Answer:
-(x-120)
x-(-12)
-(x-(-12))
0
x / 3
-(x/3)
0
Step-by-step explanation:
1. || x-120||, if x<-120.
If x is less than -120, then x - 120 will be a negative number.
Since absolute value will make a negative number positive, the answer will be -(x-120).
2. ||x-(-12)||, if x > -12.
Basically x -(-12) = x + 12. If x is greater than -12, then ||x+12|| will be positive. The answer is x-(-12).
3. ||x-(-12)||, if x < -12.
Again, x-(-12) = x + 12. If x is less than -12, ||x+12|| will be negative.
Absolute value makes a negative number positive. The answer is -(x-(-12)).

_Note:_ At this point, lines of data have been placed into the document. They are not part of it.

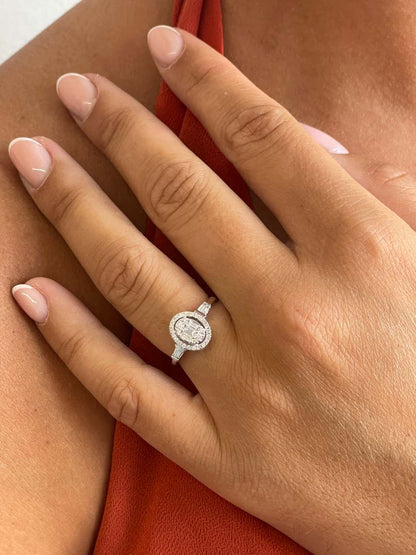 Anillo LEEDS oval en oro blanco 18 ktes con brillantes y baguettes.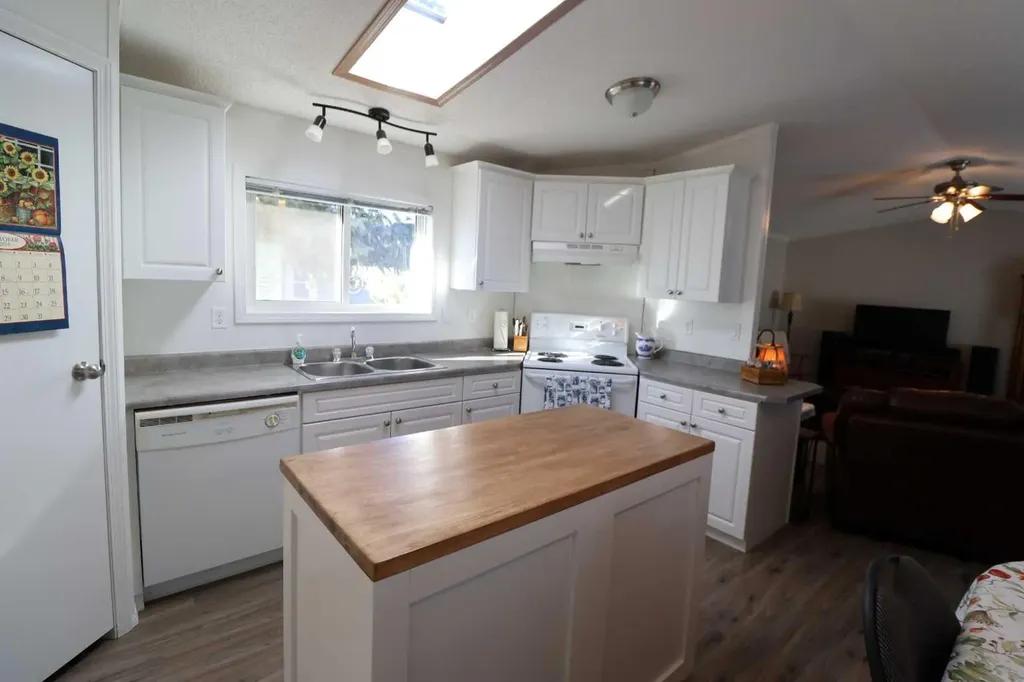 3002 33 Avenue Lethbridge AB T1K 7K1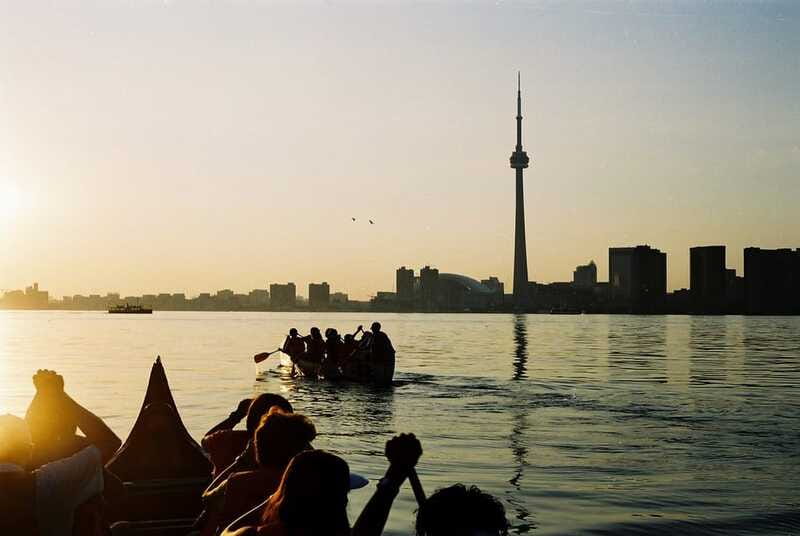 Toronto Islands: Sunset Canoe Tour - How the guides shape the outing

4. ||x-(-12)||, if x = -12.
So we can substitute x with -12. ||-12-(-12)|| = ||-12+12||, which equals ||0||, which is also just 0. (Answer is 0.)
5. ||x / 3||, if x > 0.
Any positive number divided by another positive number will be positive, meaning you can just take out the absolute value sign. Answer is x /3.
6. ||x / 3||, if x < 0.
Any number less than 0 is negative, and any negative number divided by a positive number will be negative. If we take out the absolute value, we'll have to reverse it with a -. Answer: -(x/3).
7. ||x / 3||, if x = 0.
||0/3|| = ||0||, which is still 0.
Hope this helps!